### Directions for this task
Count the lines in the entries that contain "frame". Say the number and nothing more.

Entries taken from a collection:

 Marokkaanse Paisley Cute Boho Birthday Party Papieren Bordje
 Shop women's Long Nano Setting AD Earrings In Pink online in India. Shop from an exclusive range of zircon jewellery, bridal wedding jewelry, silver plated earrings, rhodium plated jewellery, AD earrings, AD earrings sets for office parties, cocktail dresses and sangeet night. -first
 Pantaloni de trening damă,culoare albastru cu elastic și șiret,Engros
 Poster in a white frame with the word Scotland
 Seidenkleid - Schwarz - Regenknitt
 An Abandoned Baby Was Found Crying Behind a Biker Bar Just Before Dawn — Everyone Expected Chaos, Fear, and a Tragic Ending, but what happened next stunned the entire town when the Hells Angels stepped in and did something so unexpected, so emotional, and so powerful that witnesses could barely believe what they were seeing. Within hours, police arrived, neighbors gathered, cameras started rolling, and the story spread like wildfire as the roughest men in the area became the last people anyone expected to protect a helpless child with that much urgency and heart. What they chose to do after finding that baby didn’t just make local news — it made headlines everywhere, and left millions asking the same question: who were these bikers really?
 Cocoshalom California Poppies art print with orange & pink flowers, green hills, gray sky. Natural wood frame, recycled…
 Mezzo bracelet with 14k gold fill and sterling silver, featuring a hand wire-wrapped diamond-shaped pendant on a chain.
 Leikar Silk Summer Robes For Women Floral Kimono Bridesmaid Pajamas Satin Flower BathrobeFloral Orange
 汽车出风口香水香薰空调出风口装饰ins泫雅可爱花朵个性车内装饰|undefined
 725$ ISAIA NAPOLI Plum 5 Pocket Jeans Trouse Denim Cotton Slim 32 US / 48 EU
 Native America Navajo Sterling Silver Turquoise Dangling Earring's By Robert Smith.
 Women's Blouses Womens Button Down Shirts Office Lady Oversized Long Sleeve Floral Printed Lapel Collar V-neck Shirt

### Answer for the task
2